Ce n’est pas tant le « nous » qui différait que la conception de l’être – et de l’« être à » – d’une terre, d’autant que les Arabes de la Palestine ottomane ne se concevaient alors pas encore comme « Palestiniens », mais se reconnaissaient d’abord collectivement à leur foi en leur Dieu et en son Prophète, puis, plus privativement à leurs familles, leurs clans, leurs tribus, leurs villages. Il n’y avait alors avant l’arrivée des premiers sionistes, ni nationalisme arabe ni panarabisme…

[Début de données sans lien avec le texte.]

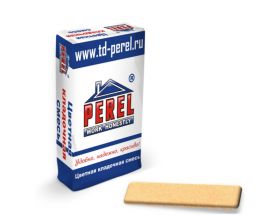 Цветная кладочная смесь Perel SL цвет: кремово-желтый меш/50 кг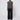 LISA YANG 'Navarra' Double Face Cashmere Vest - Graphite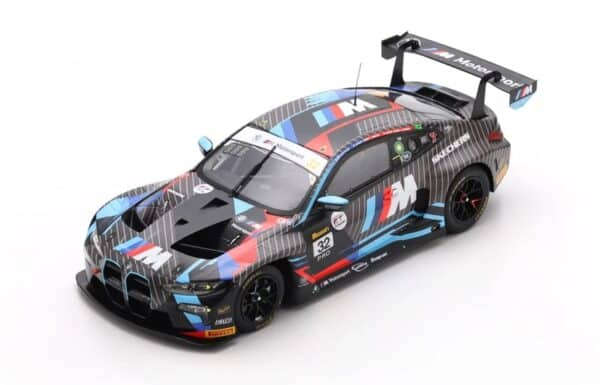 Spark - 1:18 BMW M4 GT3 No.32 Team WRT Winner Bathurst 12h 2025 (18AS012) Limited Edition Resin Model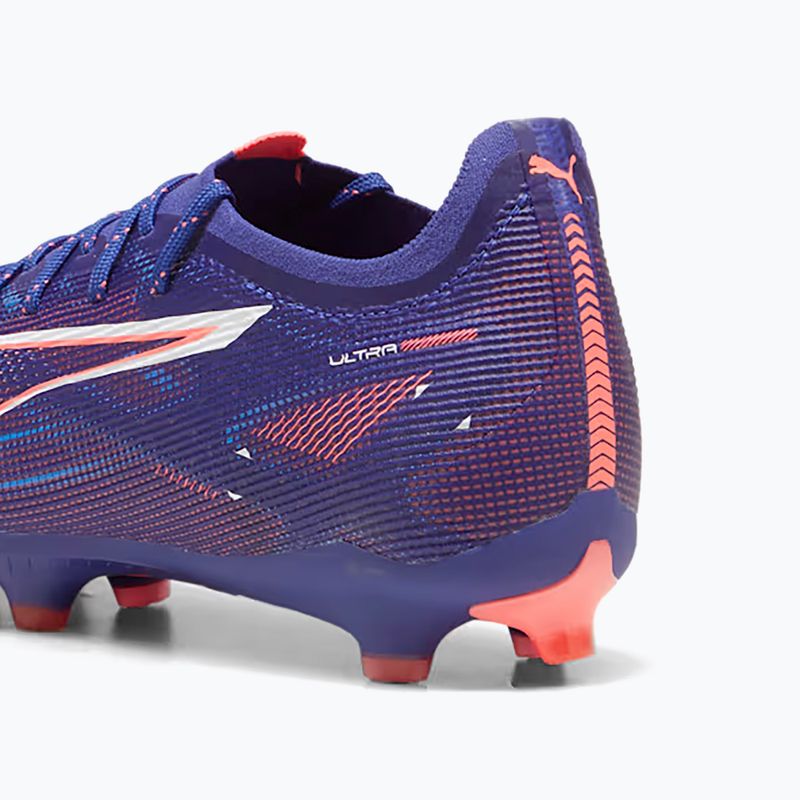 PUMA Ultra 5 Pro FG/AG Lapislazuli/Puma Weiß/Sonnenuntergang Gloe Fußballschuhe 13
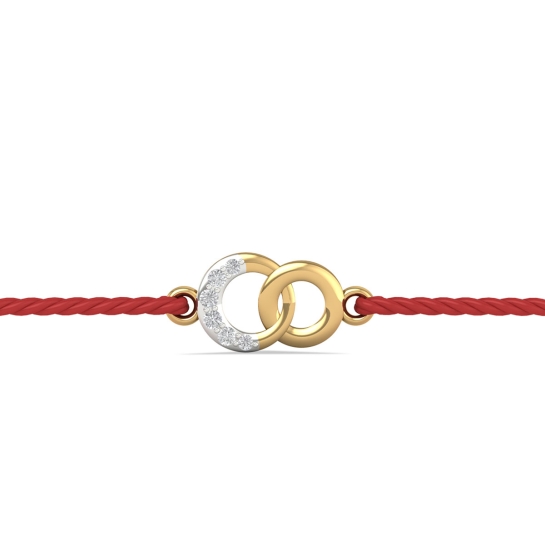 Riya Pendant Diamond Rakhi Riya Pendant Diamond Rakhi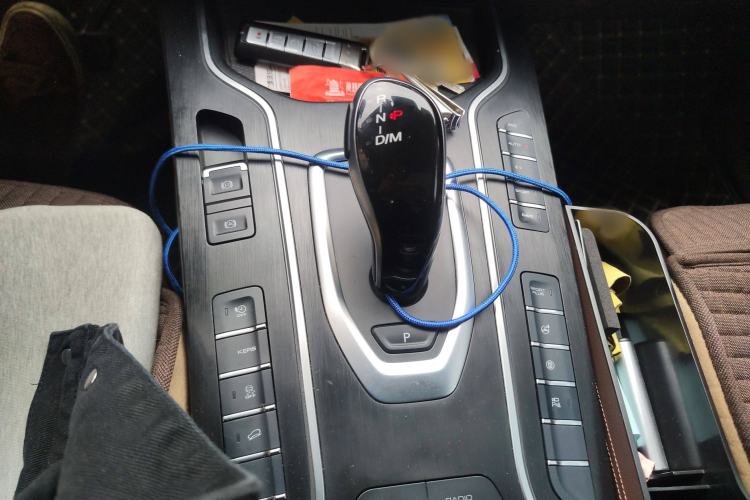 Used Wey VV7 New Energy 2020 PHEV 2.0T Luxury Model Gear Lever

Nathan Weinstock rappelle avec précision cette inexistence d’une « conscience nationale palestinienne » au XIXème siècle, antérieurement au sionisme :
« La population (340 000 âmes en 1850) forme tout sauf une unité. Divisée sur le plan confessionnel entre musulmans, chrétiens de diverses obédiences, Juifs – également répartis en communautés disparates –, Druzes, Bahaïs..., elle l'est tout autant sur le plan ethnique: aux Arabes autochtones (citadins, fellahs, Bédouins) viennent s'ajouter des immigrés, surtout musulmans, de toute provenance : Bédouins, Hauranis de Syrie, Transjordaniens, Géorgiens, Abkhaziens, Tcherkesses, Turcmènes, Grecs, Soudanais, Perses, Turcs, Bosniaques, Macédoniens, Algériens de la suite de l'émir Abd El-Kader, Arméniens... La politique de peuplement du pays, issue de la pratique ottomane du sürgün, incitation à la transplantation démographique que Henry Laurens qualifie de ‘‘recolonisation intérieure’’, fut initiée par Ibrahim Pacha, fils de Mohammed Ali, au cours des années 1830. Elle répondait à un double objectif: pacifier et sécuriser les régions frontières ou en état de semi-dissidence, d'une part; stimuler l'agriculture, d'autre part. Les Ottomans ne varieront pas de ligne de conduite. Remarquons qu'une partie non négligeable des populations ainsi transférées en Terre Sainte sont musulmanes, mais non arabophones. Or, aucun sentiment d'appartenance collective n'habite cette communauté. »1
Il faut lire à ce propos les quelques descriptions des groupes d’humains en Palestine durant la Première Guerre mondiale, Juifs inclus, que trace T.E. Lawrence dans Les sept piliers de la sagesse, pour se faire une idée de l’absence de toute cohésion de cette population qui n’avait jamais eu la moindre idée de « faire peuple » avant que les Sionistes ne leur soufflent cette bonne trouvaille, reprise avec enthousiasme par les nationalistes arabes qui se l’appliquèrent en la nettoyant ethniquement (en théorie) des Juifs :
« Sur les rives de la vallée du Jourdain vivaient des colonies de réfugiés algériens, amèrement suspicieuses, faisant face à des villages juifs. Les Juifs étaient de diverses sortes. Certains, érudits hébreux du modèle traditionaliste, avait adopté un mode et un style de vie convenant au pays, alors que les arrivants plus récents, souvent d’inspiration allemande, avait introduit des manières étrangères, d’étranges semailles et des maisons européennes (construites grâce à des fonds charitables), sur cette terre de Palestine qui semblait trop petite et trop pauvre pour payer leurs efforts en nature; mais le pays les tolérait. La Galilée ne montrait pas vis-à-vis de ces colons juifs l’antipathie profondément enracinée qui formait un trait déplaisant de la Judée voisine. /…/ À l’est, les Druses, adeptes musulmans hétérodoxes d’un Sultan d’Égypte fou et mort. Ils haïssaient les maronites d’une haine amère qui, lorsque le Gouvernement et les fanatiques de Damas l’encourageaient, s’exprimait en grandes tueries périodiques. Les Druses n’en déplaisaient pas moins aux Arabes musulmans, et les méprisaient en retour. Ils étaient à couteaux tirés avec les Bédouins, et maintenaient dans leur montagne un exemple du semi-féodalisme chevaleresque du Liban au temps de ses Émirs autonomes.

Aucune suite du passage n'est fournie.